Intel’s new 45W H-series parts feature two new Core i7 and Core i5 chips, each, as well as a pair of new Xeons. In fact, the mobile Core i9 chip looks quite a bit like the Xeon E-2186, with identical clock speeds, core counts, thermal design power, and so on. The key, though, is that the Core i9’s clock speeds are totally unlocked. But if that’s too rich for your blood, consider the new Core i7-8850H, which also packs six cores and twelve threads.
All of the new chips also support Intel’s new effort to push Optane memory into notebooks, with optional vPro technology for corporate systems.
While Intel’s Radeon RX Vega (“Kaby Lake-G”) chip was designed to offer 1080p performance inside of something that approaches an ultrabook, the new 8th-gen Core i9 chips are designed for what Hamberger called “musclebooks,” offering the absolute best performance that you can get on a laptop.
“If this doesn’t get you excited, I don’t know what will,” Hamberger said.
This is the first time that Intel has designed a chip with what it’s calling a “thermal velocity boost,” the ability to push the clock speed even higher than normal. Normally, the Core i9-8950HK maxes out at 4.6GHz after the turbo boost kicks in. But if the chip is “really cool and running at full speed, you’ll get a little more,” Hamberger said, boosting a single core by 200MHz, to 4.8GHz, or alternatively upclocking all of the cores by about 100MHz, he said.
Hamberger reiterated, though, that the thermal velocity boost was an “opportunistic thing, not an automatic thing,” and that Intel had targeted system temperatures of 50 degrees centigrade or below before the boost would kick in.
“We spend a ton of time working with our OEM partners optimizing power performance, you name it, tweaking thermals to get more performance,” Hamberger said. “We think that’s really the trend, to get more efficient performance into thinner form factors that last longer, not sacrifice performance to get thinnest.”
Intel Core U-series CPUs: Speeds and feeds
If you’re looking for something with a little less performance and a little more battery life, Intel also introduced four new U-series chips. These low-power (28W TDP) 8th-gen Core chips all feature the more common 4-core, 8-thread configuration. Note that these, too, support Optane memory technology in the mobile configuration.

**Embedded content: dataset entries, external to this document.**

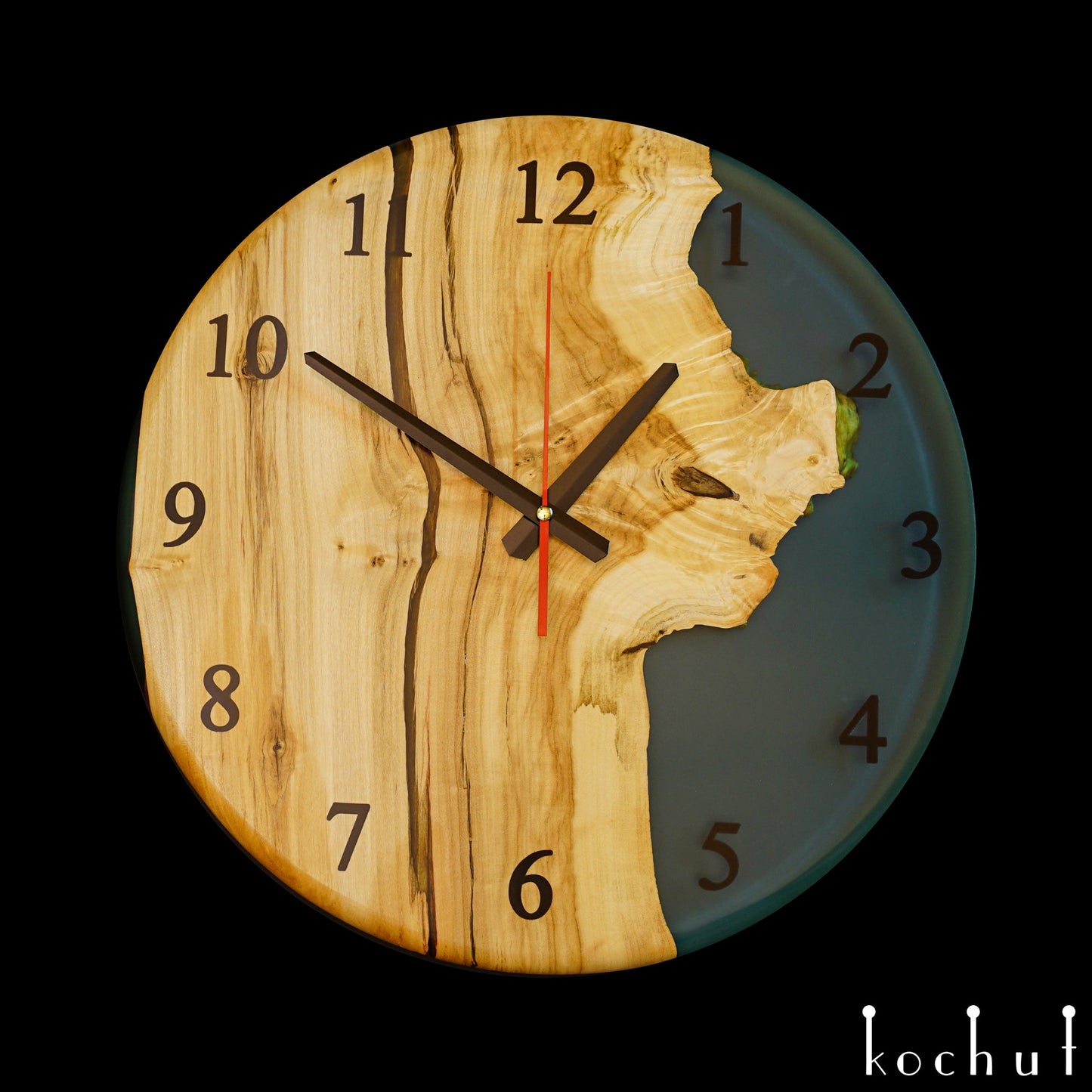 Continuum — Wanduhr aus Holz und Epoxidharz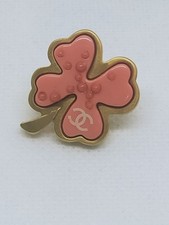  authentique pin's chanel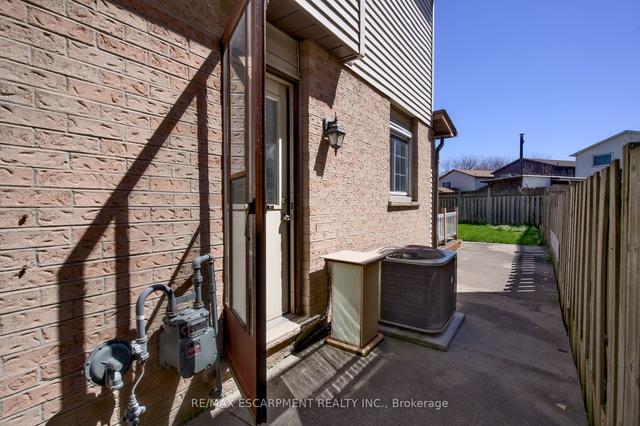 22 Drakes Dr, House detached with 3 bedrooms, 3 bathrooms and 3 parking in Hamilton ON | Image 27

All of these will connect to the four new 300-series chipsets that Intel also introduced: H370, H310, Q370, and B360. All of them add more features from a platform level, an Intel spokeswoman said: enhanced audio and I/O, integrated Intel 802.11ac Wi-Fi with gigabit throughput, and 10 Gbit/s integrated Gen2 USB 3.1 I/O.
As sales of gaming notebooks have “absolutely exploded,” with retailers devoting more and more shelf space as the market continues to grow, Intel intends to continue to invest in this space, executives said. By boosting core counts and pushing to break the 5GHz barrier in gaming laptops, Intel's certainly pushing the performance envelope.